Task directions →
Repeat word for word, please, only the lines of the material from the one containing "Bộ Đồ Bơi Bikini" through its final line, both ends included.
+++ Dataset excerpts
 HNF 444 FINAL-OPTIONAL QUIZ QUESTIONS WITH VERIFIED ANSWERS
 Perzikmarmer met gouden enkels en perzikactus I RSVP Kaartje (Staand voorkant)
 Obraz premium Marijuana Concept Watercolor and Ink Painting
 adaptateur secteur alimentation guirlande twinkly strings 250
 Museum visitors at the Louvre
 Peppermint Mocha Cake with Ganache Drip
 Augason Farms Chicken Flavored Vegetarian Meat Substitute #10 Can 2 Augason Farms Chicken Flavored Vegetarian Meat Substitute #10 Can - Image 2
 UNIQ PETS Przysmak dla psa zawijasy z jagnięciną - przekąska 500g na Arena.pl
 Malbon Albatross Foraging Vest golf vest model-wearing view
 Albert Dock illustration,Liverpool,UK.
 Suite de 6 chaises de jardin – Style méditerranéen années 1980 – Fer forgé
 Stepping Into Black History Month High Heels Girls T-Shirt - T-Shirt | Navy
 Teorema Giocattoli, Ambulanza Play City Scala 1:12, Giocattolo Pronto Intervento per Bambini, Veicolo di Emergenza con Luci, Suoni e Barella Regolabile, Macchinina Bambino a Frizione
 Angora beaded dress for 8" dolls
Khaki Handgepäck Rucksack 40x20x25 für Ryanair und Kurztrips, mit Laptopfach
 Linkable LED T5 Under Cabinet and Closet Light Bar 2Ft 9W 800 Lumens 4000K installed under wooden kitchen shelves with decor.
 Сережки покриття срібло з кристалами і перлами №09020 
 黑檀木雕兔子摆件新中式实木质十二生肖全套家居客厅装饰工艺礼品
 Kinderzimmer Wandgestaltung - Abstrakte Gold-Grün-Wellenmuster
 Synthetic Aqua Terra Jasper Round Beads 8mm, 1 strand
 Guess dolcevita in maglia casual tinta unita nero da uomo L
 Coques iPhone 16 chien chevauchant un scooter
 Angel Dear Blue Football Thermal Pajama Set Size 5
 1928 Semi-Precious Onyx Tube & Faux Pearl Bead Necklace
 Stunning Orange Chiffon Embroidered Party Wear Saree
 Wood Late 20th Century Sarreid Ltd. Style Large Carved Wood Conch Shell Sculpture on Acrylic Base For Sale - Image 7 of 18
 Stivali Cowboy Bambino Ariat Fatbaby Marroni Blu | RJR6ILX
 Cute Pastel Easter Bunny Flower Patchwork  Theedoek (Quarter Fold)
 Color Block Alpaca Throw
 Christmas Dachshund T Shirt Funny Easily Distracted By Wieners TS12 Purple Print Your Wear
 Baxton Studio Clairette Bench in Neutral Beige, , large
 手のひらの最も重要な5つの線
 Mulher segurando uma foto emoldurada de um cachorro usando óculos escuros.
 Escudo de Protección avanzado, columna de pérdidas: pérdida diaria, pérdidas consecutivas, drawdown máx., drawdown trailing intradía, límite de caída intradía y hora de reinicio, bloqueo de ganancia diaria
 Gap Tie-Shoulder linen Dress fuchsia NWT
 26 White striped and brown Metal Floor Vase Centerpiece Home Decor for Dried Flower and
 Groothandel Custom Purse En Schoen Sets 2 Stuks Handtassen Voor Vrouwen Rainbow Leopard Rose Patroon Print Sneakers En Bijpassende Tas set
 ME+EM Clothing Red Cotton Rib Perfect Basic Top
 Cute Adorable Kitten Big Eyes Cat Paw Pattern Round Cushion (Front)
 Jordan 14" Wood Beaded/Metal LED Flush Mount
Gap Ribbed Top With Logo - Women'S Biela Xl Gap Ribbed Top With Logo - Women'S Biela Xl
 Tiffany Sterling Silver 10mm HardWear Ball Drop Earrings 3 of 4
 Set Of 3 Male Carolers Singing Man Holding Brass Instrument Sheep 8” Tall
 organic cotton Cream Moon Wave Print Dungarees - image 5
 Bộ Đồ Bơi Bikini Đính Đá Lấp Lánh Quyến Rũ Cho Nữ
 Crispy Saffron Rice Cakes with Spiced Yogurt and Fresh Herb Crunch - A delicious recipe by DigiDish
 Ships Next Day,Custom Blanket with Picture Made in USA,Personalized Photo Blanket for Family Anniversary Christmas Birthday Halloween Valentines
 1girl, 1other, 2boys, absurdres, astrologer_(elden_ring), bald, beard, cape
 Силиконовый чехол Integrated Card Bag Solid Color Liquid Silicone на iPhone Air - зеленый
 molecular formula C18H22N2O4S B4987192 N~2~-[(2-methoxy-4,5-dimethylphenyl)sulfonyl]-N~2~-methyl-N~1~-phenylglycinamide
++++++
Task solution →
 Bộ Đồ Bơi Bikini Đính Đá Lấp Lánh Quyến Rũ Cho Nữ
 Crispy Saffron Rice Cakes with Spiced Yogurt and Fresh Herb Crunch - A delicious recipe by DigiDish
 Ships Next Day,Custom Blanket with Picture Made in USA,Personalized Photo Blanket for Family Anniversary Christmas Birthday Halloween Valentines
 1girl, 1other, 2boys, absurdres, astrologer_(elden_ring), bald, beard, cape
 Силиконовый чехол Integrated Card Bag Solid Color Liquid Silicone на iPhone Air - зеленый
 molecular formula C18H22N2O4S B4987192 N~2~-[(2-methoxy-4,5-dimethylphenyl)sulfonyl]-N~2~-methyl-N~1~-phenylglycinamide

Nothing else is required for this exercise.